プロフィール
私は山本正典と申します。年齢は55歳になりました。定年も近くなってきたという感じですが、若いころ大学では地球物理学をやっていまして、特に地震のことを勉強していました。勉強といっても怠け者だったので、あまり大したことは学部の時代はやっていませんでしたが、当時マスコミでも話題になっていた地震予知が今後どうなるかということを、先生の指導を仰ぎながらやっていました。また当時、別の先生から新潟の地滑りの現地調査に誘われて行った際に、助手の方といろいろ話をして「研究も重要だけれど、やはり現場、社会に役立つことをやっていったほうがいいのでは」という示唆を受けて、学部を終えた後、先生の勧めもあって「応用地質株式会社」に入社しました。

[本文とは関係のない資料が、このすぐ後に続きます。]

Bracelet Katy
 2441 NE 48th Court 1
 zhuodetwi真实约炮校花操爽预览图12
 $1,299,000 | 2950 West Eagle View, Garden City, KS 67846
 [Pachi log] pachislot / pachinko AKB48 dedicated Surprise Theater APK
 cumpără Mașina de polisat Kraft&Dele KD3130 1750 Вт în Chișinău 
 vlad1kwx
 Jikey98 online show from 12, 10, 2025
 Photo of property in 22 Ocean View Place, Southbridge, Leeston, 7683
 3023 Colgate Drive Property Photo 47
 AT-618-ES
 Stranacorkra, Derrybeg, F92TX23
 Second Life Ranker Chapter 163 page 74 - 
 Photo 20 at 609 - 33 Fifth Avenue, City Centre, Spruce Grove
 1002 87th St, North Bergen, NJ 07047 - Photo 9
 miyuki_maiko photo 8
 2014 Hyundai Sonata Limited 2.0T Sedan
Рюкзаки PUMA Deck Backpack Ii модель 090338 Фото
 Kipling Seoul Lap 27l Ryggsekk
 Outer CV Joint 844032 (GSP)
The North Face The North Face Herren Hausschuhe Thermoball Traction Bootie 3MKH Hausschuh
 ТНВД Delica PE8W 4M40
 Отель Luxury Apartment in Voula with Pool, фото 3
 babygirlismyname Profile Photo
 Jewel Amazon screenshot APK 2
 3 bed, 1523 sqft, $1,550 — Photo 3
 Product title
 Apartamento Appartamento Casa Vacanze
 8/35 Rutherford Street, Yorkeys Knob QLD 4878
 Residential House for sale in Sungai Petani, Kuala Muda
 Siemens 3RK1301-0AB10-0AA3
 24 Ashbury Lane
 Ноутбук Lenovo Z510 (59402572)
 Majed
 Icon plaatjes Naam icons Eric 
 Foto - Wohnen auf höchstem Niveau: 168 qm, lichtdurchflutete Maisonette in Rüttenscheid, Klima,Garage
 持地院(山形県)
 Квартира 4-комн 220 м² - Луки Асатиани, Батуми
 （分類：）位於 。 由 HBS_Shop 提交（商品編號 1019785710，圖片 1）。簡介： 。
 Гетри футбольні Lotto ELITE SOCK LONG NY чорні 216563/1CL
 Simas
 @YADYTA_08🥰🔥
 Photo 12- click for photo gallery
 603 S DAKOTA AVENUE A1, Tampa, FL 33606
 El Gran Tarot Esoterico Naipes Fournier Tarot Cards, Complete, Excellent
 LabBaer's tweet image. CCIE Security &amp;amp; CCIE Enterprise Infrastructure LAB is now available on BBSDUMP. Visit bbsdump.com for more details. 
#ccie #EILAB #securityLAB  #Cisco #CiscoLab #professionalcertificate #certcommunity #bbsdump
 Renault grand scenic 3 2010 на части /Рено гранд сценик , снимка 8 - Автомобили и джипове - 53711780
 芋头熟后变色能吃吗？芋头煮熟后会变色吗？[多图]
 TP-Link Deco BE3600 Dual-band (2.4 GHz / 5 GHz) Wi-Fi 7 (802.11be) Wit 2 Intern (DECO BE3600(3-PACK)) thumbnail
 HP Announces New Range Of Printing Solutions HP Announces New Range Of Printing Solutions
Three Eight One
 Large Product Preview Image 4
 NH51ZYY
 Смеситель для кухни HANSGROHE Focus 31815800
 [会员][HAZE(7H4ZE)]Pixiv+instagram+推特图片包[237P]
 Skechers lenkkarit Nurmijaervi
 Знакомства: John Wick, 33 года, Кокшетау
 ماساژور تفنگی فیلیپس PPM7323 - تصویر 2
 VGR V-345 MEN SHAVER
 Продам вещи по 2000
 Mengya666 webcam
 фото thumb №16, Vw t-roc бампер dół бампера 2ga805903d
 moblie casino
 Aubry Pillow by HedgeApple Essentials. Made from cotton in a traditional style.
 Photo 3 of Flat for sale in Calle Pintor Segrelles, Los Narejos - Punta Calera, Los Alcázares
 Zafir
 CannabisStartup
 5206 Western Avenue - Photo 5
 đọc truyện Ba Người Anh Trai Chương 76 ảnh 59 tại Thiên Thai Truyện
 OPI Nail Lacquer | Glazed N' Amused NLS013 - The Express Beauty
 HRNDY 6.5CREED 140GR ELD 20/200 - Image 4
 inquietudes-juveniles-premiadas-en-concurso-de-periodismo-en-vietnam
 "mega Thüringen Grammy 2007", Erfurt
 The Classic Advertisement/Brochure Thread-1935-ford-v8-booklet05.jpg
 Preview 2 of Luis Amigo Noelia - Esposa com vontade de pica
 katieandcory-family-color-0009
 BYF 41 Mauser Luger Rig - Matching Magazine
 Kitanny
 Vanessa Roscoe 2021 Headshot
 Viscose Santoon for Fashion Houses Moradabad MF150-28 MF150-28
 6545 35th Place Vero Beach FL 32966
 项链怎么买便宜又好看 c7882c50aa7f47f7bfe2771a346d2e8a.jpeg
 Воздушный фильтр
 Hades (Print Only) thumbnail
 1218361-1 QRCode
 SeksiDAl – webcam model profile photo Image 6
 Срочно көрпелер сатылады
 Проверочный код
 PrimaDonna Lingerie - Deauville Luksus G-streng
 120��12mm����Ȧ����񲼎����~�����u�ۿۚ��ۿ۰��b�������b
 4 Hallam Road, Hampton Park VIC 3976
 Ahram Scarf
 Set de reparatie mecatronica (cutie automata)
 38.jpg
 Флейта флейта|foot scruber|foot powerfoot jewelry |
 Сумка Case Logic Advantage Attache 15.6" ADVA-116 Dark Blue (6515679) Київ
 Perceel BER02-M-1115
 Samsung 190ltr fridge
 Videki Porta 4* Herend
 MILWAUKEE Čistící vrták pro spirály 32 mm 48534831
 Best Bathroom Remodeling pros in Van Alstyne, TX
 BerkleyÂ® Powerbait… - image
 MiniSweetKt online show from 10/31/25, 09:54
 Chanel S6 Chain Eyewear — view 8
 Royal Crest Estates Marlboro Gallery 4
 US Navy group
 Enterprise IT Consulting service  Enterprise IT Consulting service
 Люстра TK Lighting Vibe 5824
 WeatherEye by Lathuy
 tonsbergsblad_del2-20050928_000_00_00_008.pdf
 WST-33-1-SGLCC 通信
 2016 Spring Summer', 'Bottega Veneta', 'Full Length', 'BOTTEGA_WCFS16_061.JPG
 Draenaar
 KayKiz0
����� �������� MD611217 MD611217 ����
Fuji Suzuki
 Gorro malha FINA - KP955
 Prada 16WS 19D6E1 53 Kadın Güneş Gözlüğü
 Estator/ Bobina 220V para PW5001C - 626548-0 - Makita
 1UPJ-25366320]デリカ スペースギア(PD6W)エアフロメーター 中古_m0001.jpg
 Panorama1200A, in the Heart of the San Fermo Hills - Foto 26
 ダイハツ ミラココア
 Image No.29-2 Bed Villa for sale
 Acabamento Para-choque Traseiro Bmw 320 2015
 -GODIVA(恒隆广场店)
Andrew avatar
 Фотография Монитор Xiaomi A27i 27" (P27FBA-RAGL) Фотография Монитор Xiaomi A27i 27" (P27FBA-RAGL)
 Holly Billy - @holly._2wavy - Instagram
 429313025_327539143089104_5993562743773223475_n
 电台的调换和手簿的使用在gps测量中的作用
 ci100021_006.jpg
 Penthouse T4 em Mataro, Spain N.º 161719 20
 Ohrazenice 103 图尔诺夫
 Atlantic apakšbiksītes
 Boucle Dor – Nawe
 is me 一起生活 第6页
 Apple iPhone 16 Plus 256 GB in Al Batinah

そこでは地震防災という分野の仕事で、地盤調査、被害想定などを行っていました。私も「今後ある地震が起こったら、どこの地域でどれくらいの被害が起こるか」ということを想定する作業を行っており、それが7年ぐらい続きましたが、その頃になると被害想定を踏まえて「その結果を使ってどうしたらいいか」「どんな対策をすればいいか」ということを考えるようになり、それを実現するためには少し行政に近いところの仕事をしたほうがいいのではないかと考えだしました。
たまたま、あるシンクタンクで研究員の募集があり、そこでは防災関係の仕事もやっていたので、これは自分の志向にマッチするのではないかと思いまして、応用地質を辞めてシンクタンクに移りました。シンクタンクではもちろん防災もありますが、そのほかにはいろいろな社会の問題を扱っていました。地域開発系の仕事、リゾートの問題、消費動向の問題、人口の長期予測、あるいは、これは私のその後の仕事の方向を考える上でのポイントになったのですが、ある自治体の長期総合計画というものを担当することになりまして、そこからだんだん仕事の視野が広がっていきました。自治体における最上位の計画である長期総合計画は、その自治体で行ういろいろな分野の施策、事業などを総合的に10年、20年というレンジで方向付けしていく計画ですので、それを作成するに当たっても1年、2年かかったりもしました。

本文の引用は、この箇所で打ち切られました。